REQUIRED ACTION => Leave every picture out, and write out the remaining entries exactly.

DATASET CONTENT =>
········

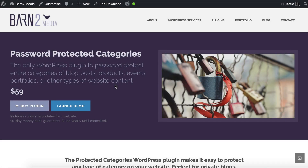Hi, I'm Katie from Bantu Media and I'm going to show you how to create a private WordPress blog using the Password Protected Categories WordPress plugin.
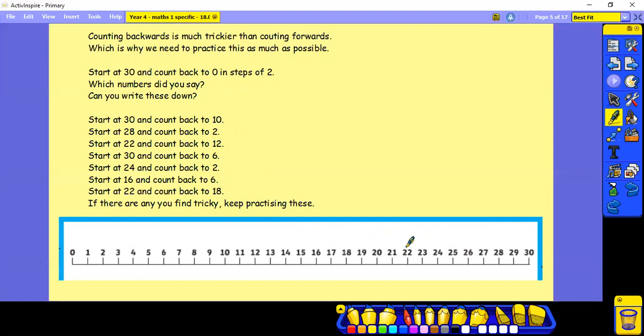Start at 24 and count back in steps of 2 to 2. Start at 16 and count back in steps of 2 to 6. Start at 22 and count back in steps of 2 to 18. If there are any that you find tricky, please keep practicing these. You need to be really confident with counting backwards as well as forwards.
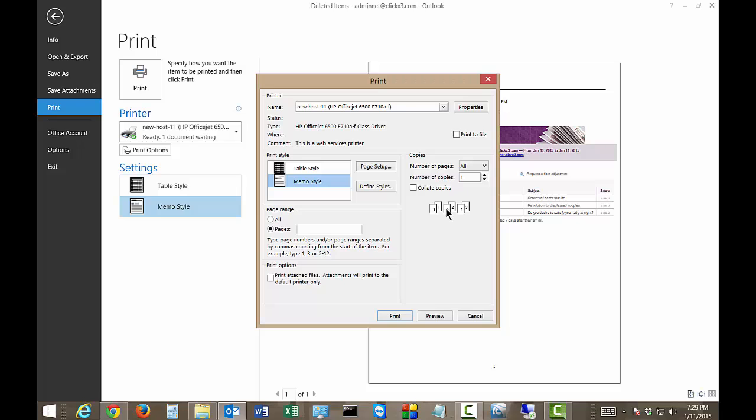This can save you a lot of time. So these are the different printing options that you get when you try to print mail messages from Microsoft Outlook.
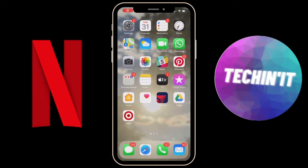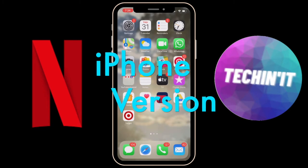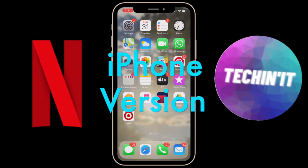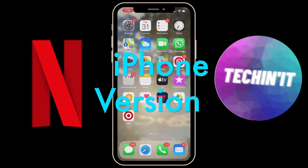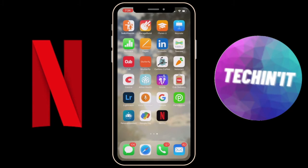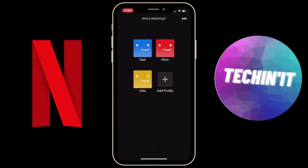Hey, welcome back to another video on the channel. Today I'll be showing you how you can change your profile picture or your name in Netflix. We'll just go on Netflix and what you're going to click is...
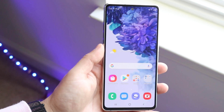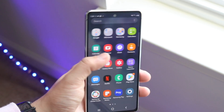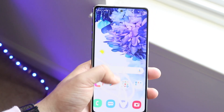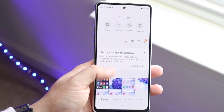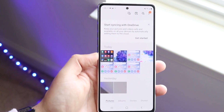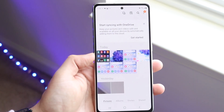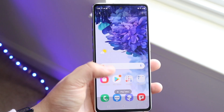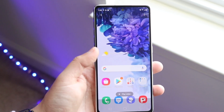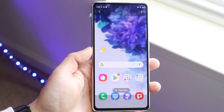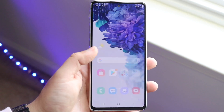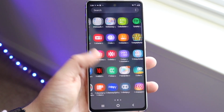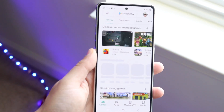Once it stops recording, make your way over to your Gallery app, and all you have to do is look at the newest video there. As you can see, it's the screen recording we just did, and you don't have that black bar up top, which is really impressive — that's a great thing about the built-in screen recorder.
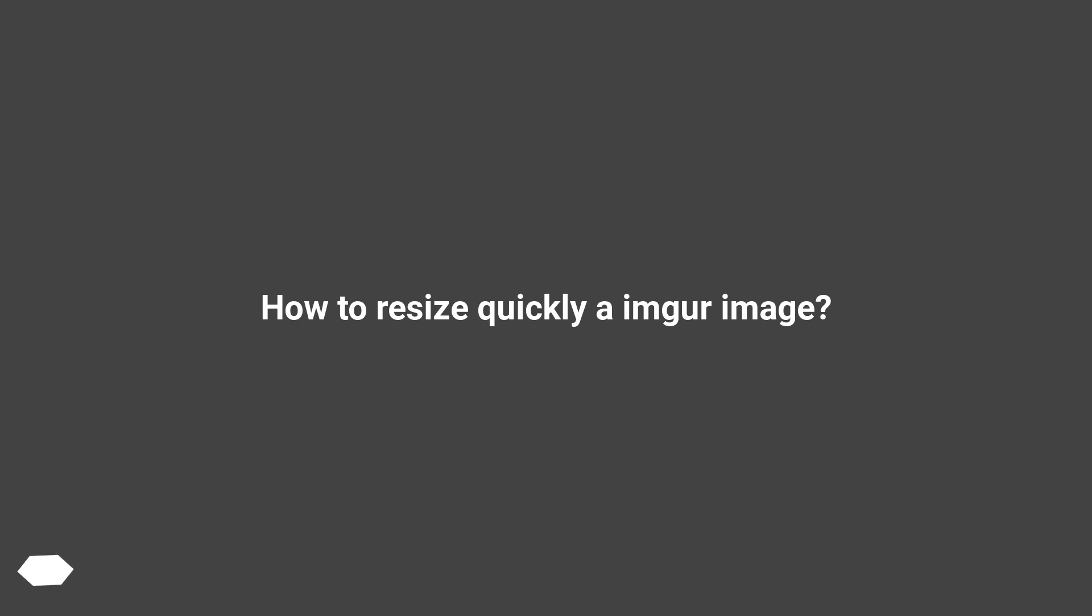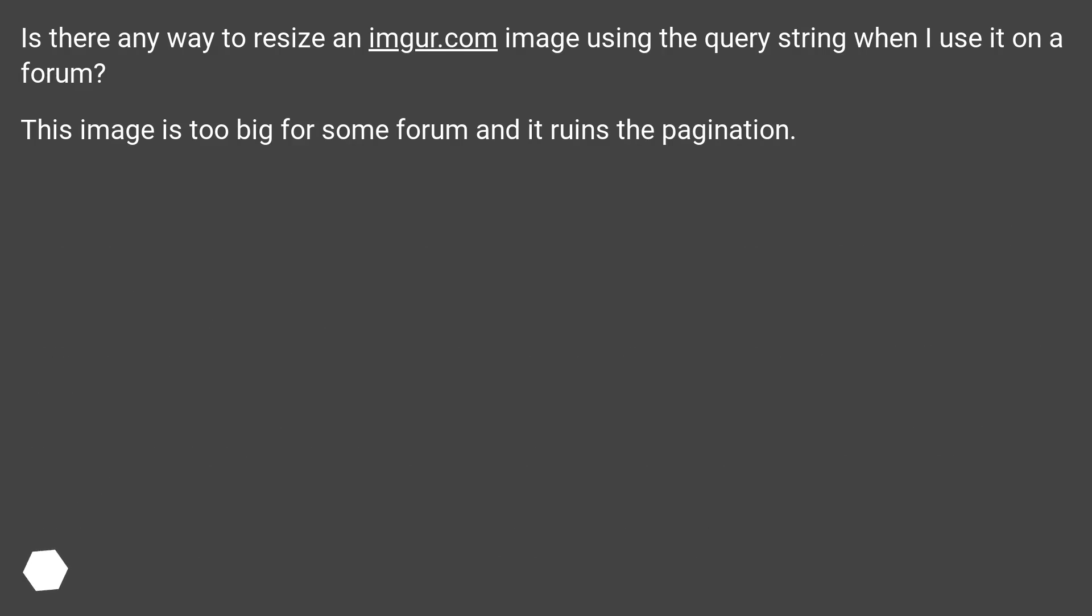How to resize quickly Imgur images? Is there any way to resize an Imgur.com image using the query string when I use it on a forum? This image is too big for some forums and it ruins the pagination.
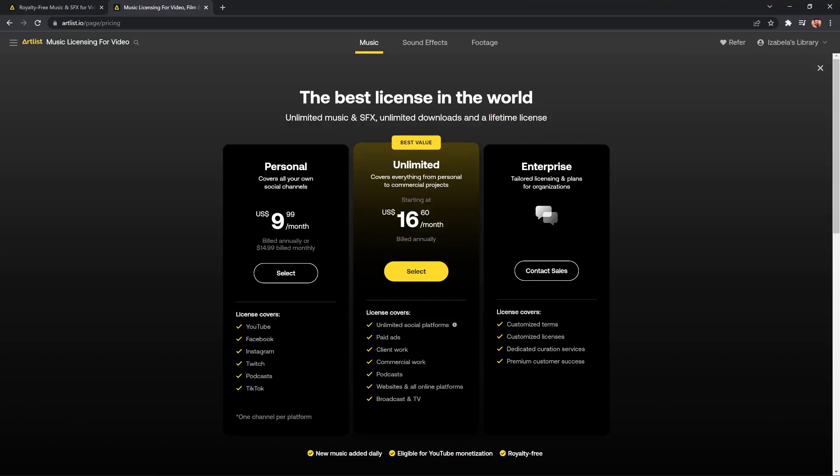But wait, how much does it all cost? Well, I recommend the personal plan that's tailored to social media creators. They cover all your social platforms and you get the entire music and sound effects platform here at Artlist. $9.99 a month paid up front. Or if you want to go rolling, it's $14.99 and your license lasts forever for the published projects during your subscription. So a really great deal.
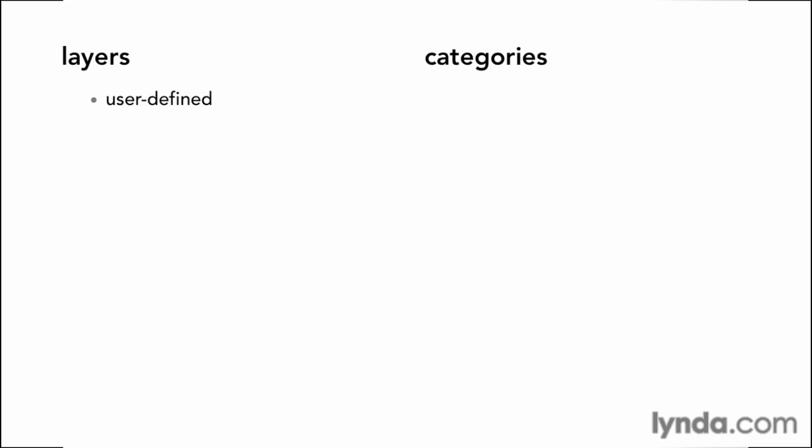In AutoCAD, with the exception of layer zero, layers are user-defined. That means that you can create your own layers, rename them, delete them as project needs dictate. But categories in Revit are completely built into the software. They can't be added, they can't be renamed, and they can't be deleted.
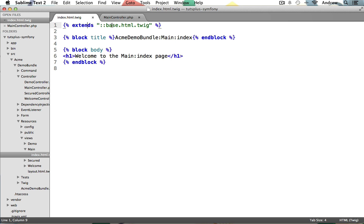This file is named base.html.twig, and it was created for you by Symfony. It's being used as a layout file to give this individual template file, or any other file that may extend it, some HTML structure. This includes HTML, head, title, and body tags.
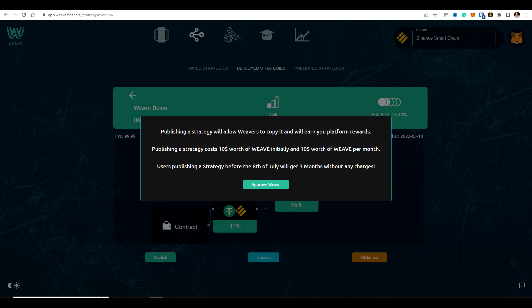However, you have the opportunity to earn up to 50% of platform fees for any funds that are basically copying your strategy. So this is a really big opportunity for people to earn residual income by creating really good quality strategies, by engaging with the community and encouraging TVL.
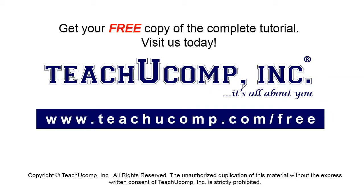Get your free copy of the complete tutorial at www.teachucomp.com/free.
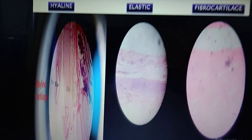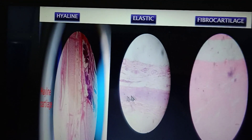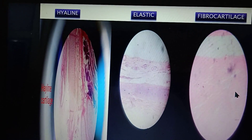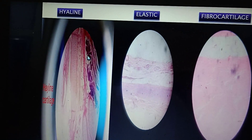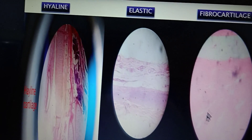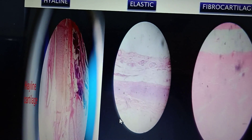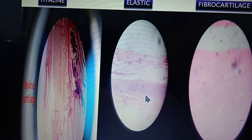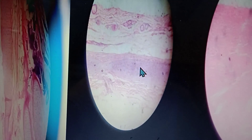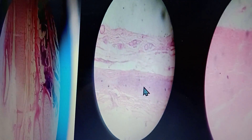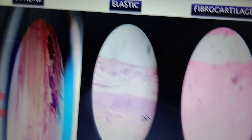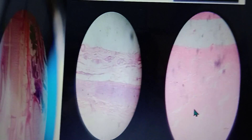Comparing hyaline, elastic, and fibrocartilage: the main difference is that cell nests are present in hyaline cartilage; in elastic cartilage the chondrocytes are compactly and densely packed; and in fibrocartilage the chondrocytes are arranged in chains.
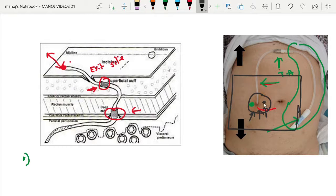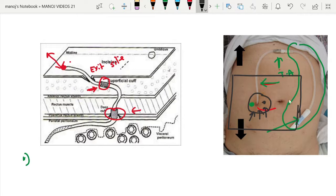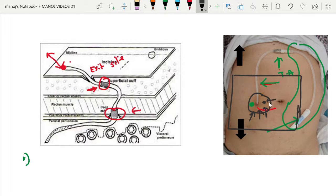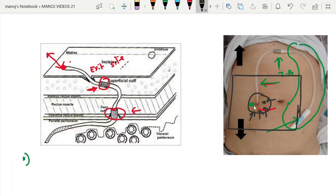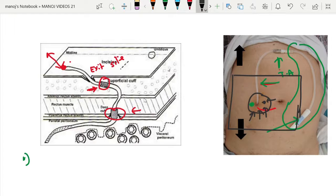The cuff, the first cuff, the superficial cuff, is supposedly somewhere over here. If we palpate it, that can be palpated. So once we palpate the superficial cuff, dissect with the artery forceps till we reach the cuff.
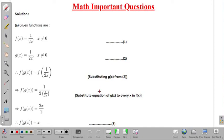We need to substitute g(x) in place of x in the function f(x). Therefore f of g(x) will be equal to 1 divided by 2 into 1 by 2x, which simplifies to 2x divided by 2, giving us f of g(x) equal to x.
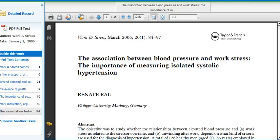So you've found your article for the data search activity assignment, you've said how useful it will be in your nursing practice, now you have to reference it.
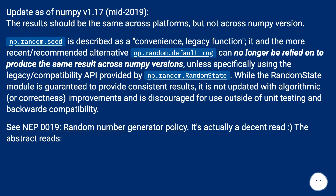While the RandomState module is guaranteed to provide consistent results, it is not updated with algorithmic or correctness improvements and is discouraged for use outside of unit testing and backwards compatibility. See NEP 0019, random number generator policy.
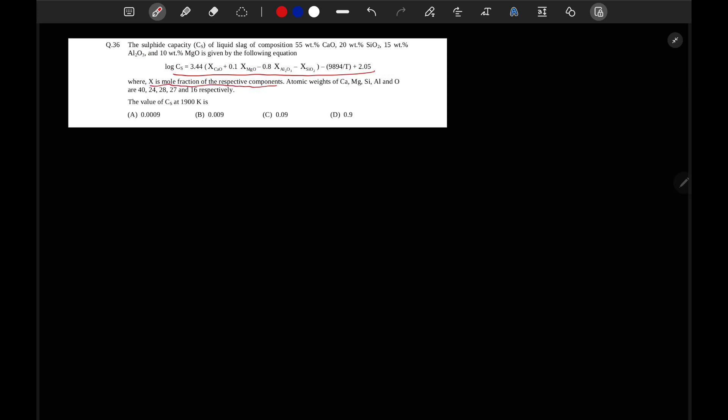In this equation, Cs is sulfide capacity and where x is mole fraction of the respective components. Atomic weights of these elements are given. So we have to find out value of Cs at 1900 Kelvin.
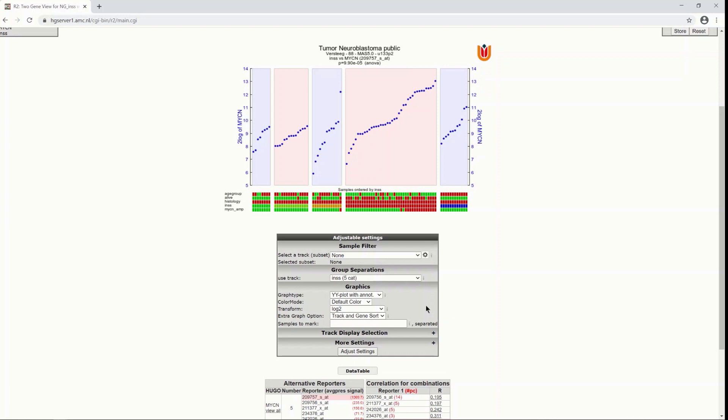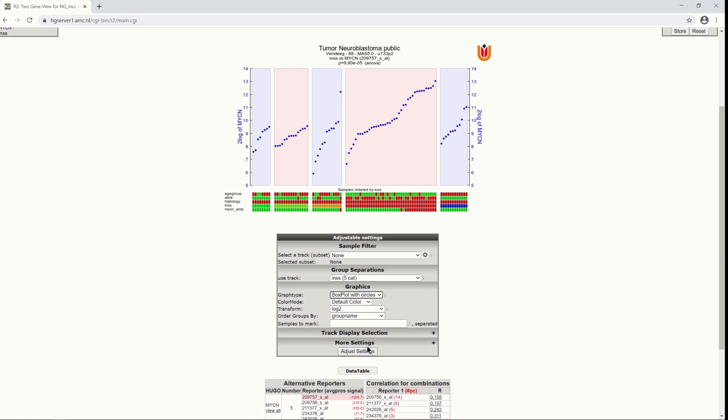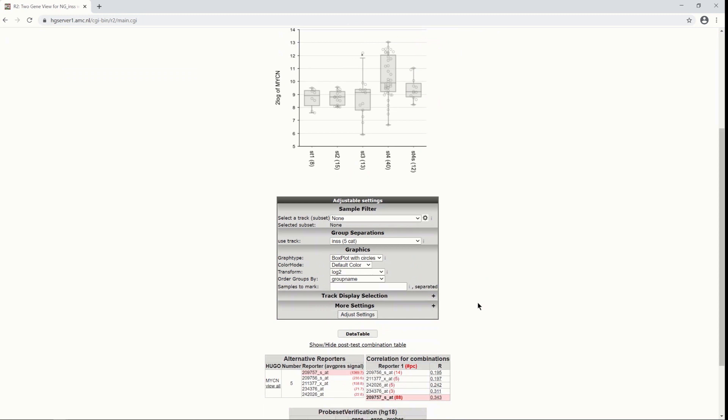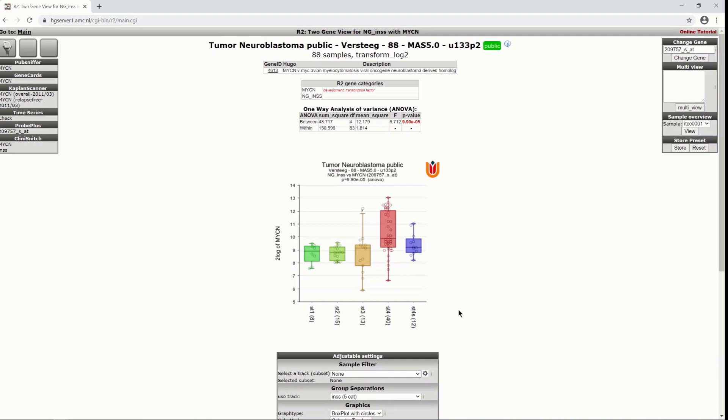From here also you could choose to choose a bar plot for representation or one plot that I actually like quite a lot is the box plot with circles and that gives you a nice clear view both of the samples that are in the group and the statistics that go with their expression values and you can also in this module color by track adjust settings and you have a quite neat overview.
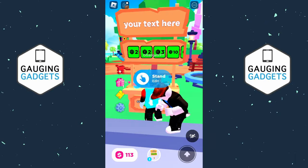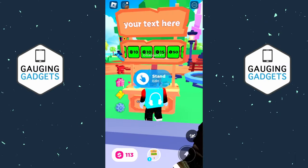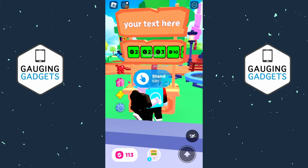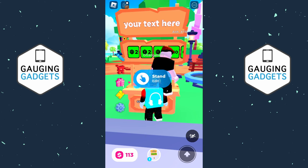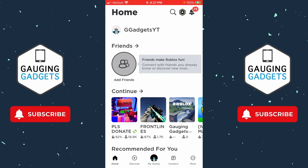Welcome to another Roblox mobile tutorial video. In this video I'm going to show you how to make a stand in Please Donate on iPhone or Android. If this video helps you please consider giving it a like and subscribe to my channel. Making a stand in Please Donate on your phone is really easy, but first we need to create a game pass — and you don't need any Robux to do this.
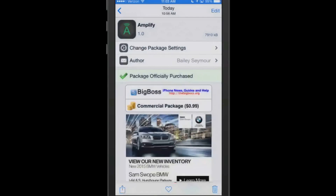Hey YouTube, it's me at iPhoneCaptain.com. Today we're doing the best tweaks of the week. It's July the 12th. Let's go ahead and get started.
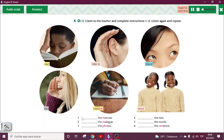1. Complete the exercise. 2. Listen to the dialogue. 3. Look at the photos. 4. Read the text. 5. Repeat the words. 6. Say the sentence.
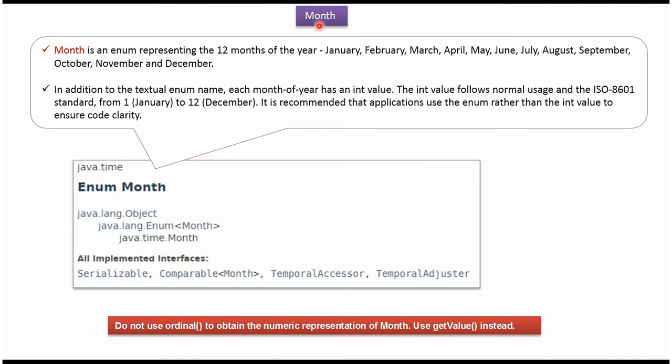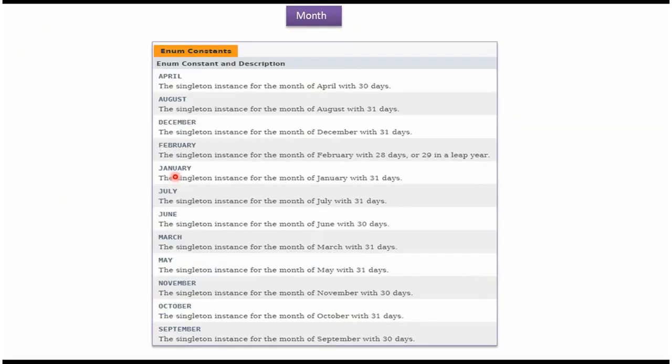This video tutorial will cover month enum. Month is the enum which represents the 12 months of the year, January to December. Here you can see the enum constants defined in month enum.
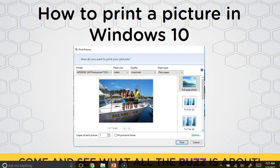Welcome to another Q&A with Dr. B. Today's question is: how do we print a picture in Windows 10, or just from File Explorer? So let's look at File Explorer and how we would do that.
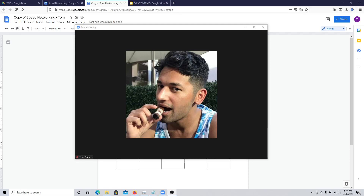I hope you found this video useful. If you have any ideas to improve further on the speed networking events, do let me know through the comments. Goodbye.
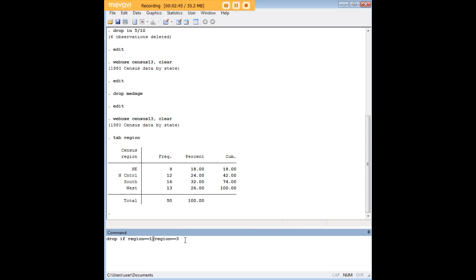If we were only interested in dropping regions one and two, we could say drop if region is less than three because that would automatically get rid of one and two. I showed you this code because in the real world you might have to go through your data set and find different values.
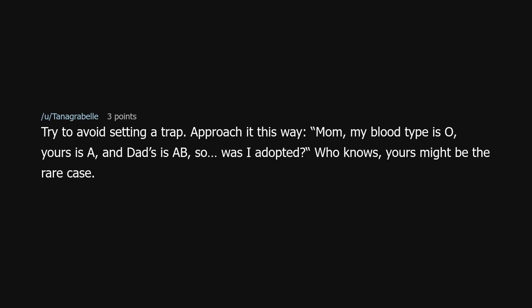Try to avoid setting a trap. Approach it this way: 'Mom, my blood type is O, yours is A, and dad's is AB — so was I adopted?' Who knows, yours might be the rare case.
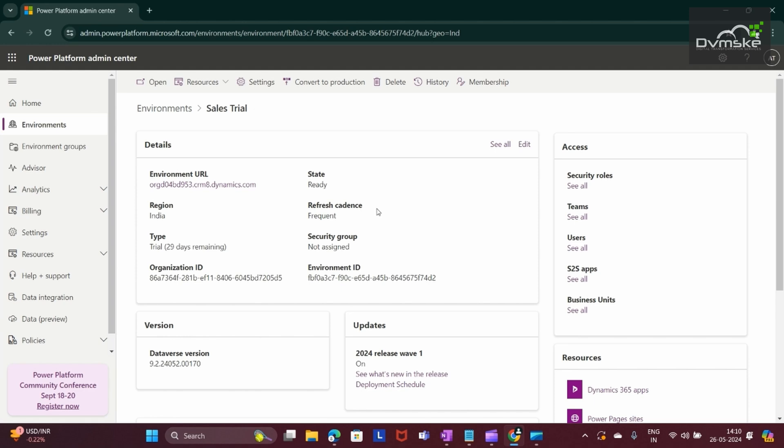Here we get the environment variable, region, state, type trial, organization ID, environment ID. In order to rename the environment URL and the environment name, I will click on Edit.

········

YOUR RESPONSE =>
Hi, I'm Katie from Bantu Media and I'm going to show you how to create a private WordPress blog using the Password Protected Categories WordPress plugin.
Start at 24 and count back in steps of 2 to 2. Start at 16 and count back in steps of 2 to 6. Start at 22 and count back in steps of 2 to 18. If there are any that you find tricky, please keep practicing these. You need to be really confident with counting backwards as well as forwards.
This can save you a lot of time. So these are the different printing options that you get when you try to print mail messages from Microsoft Outlook.
Hey, welcome back to another video on the channel. Today I'll be showing you how you can change your profile picture or your name in Netflix. We'll just go on Netflix and what you're going to click is...
Once it stops recording, make your way over to your Gallery app, and all you have to do is look at the newest video there. As you can see, it's the screen recording we just did, and you don't have that black bar up top, which is really impressive — that's a great thing about the built-in screen recorder.
How to resize quickly Imgur images? Is there any way to resize an Imgur.com image using the query string when I use it on a forum? This image is too big for some forums and it ruins the pagination.
But wait, how much does it all cost? Well, I recommend the personal plan that's tailored to social media creators. They cover all your social platforms and you get the entire music and sound effects platform here at Artlist. $9.99 a month paid up front. Or if you want to go rolling, it's $14.99 and your license lasts forever for the published projects during your subscription. So a really great deal.
In AutoCAD, with the exception of layer zero, layers are user-defined. That means that you can create your own layers, rename them, delete them as project needs dictate. But categories in Revit are completely built into the software. They can't be added, they can't be renamed, and they can't be deleted.
This file is named base.html.twig, and it was created for you by Symfony. It's being used as a layout file to give this individual template file, or any other file that may extend it, some HTML structure. This includes HTML, head, title, and body tags.
However, you have the opportunity to earn up to 50% of platform fees for any funds that are basically copying your strategy. So this is a really big opportunity for people to earn residual income by creating really good quality strategies, by engaging with the community and encouraging TVL.
Get your free copy of the complete tutorial at www.teachucomp.com/free.
Comparing hyaline, elastic, and fibrocartilage: the main difference is that cell nests are present in hyaline cartilage; in elastic cartilage the chondrocytes are compactly and densely packed; and in fibrocartilage the chondrocytes are arranged in chains.
The cuff, the first cuff, the superficial cuff, is supposedly somewhere over here. If we palpate it, that can be palpated. So once we palpate the superficial cuff, dissect with the artery forceps till we reach the cuff.
We need to substitute g(x) in place of x in the function f(x). Therefore f of g(x) will be equal to 1 divided by 2 into 1 by 2x, which simplifies to 2x divided by 2, giving us f of g(x) equal to x.
So you've found your article for the data search activity assignment, you've said how useful it will be in your nursing practice, now you have to reference it.
While the RandomState module is guaranteed to provide consistent results, it is not updated with algorithmic or correctness improvements and is discouraged for use outside of unit testing and backwards compatibility. See NEP 0019, random number generator policy.
In this equation, Cs is sulfide capacity and where x is mole fraction of the respective components. Atomic weights of these elements are given. So we have to find out value of Cs at 1900 Kelvin.
From here also you could choose to choose a bar plot for representation or one plot that I actually like quite a lot is the box plot with circles and that gives you a nice clear view both of the samples that are in the group and the statistics that go with their expression values and you can also in this module color by track adjust settings and you have a quite neat overview.
Welcome to another Roblox mobile tutorial video. In this video I'm going to show you how to make a stand in Please Donate on iPhone or Android. If this video helps you please consider giving it a like and subscribe to my channel. Making a stand in Please Donate on your phone is really easy, but first we need to create a game pass — and you don't need any Robux to do this.
Hey YouTube, it's me at iPhoneCaptain.com. Today we're doing the best tweaks of the week. It's July the 12th. Let's go ahead and get started.
1. Complete the exercise. 2. Listen to the dialogue. 3. Look at the photos. 4. Read the text. 5. Repeat the words. 6. Say the sentence.
This video tutorial will cover month enum. Month is the enum which represents the 12 months of the year, January to December. Here you can see the enum constants defined in month enum.
Welcome to another Q&A with Dr. B. Today's question is: how do we print a picture in Windows 10, or just from File Explorer? So let's look at File Explorer and how we would do that.
I hope you found this video useful. If you have any ideas to improve further on the speed networking events, do let me know through the comments. Goodbye.
If we were only interested in dropping regions one and two, we could say drop if region is less than three because that would automatically get rid of one and two. I showed you this code because in the real world you might have to go through your data set and find different values.
Try to avoid setting a trap. Approach it this way: 'Mom, my blood type is O, yours is A, and dad's is AB — so was I adopted?' Who knows, yours might be the rare case.
Here we get the environment variable, region, state, type trial, organization ID, environment ID. In order to rename the environment URL and the environment name, I will click on Edit.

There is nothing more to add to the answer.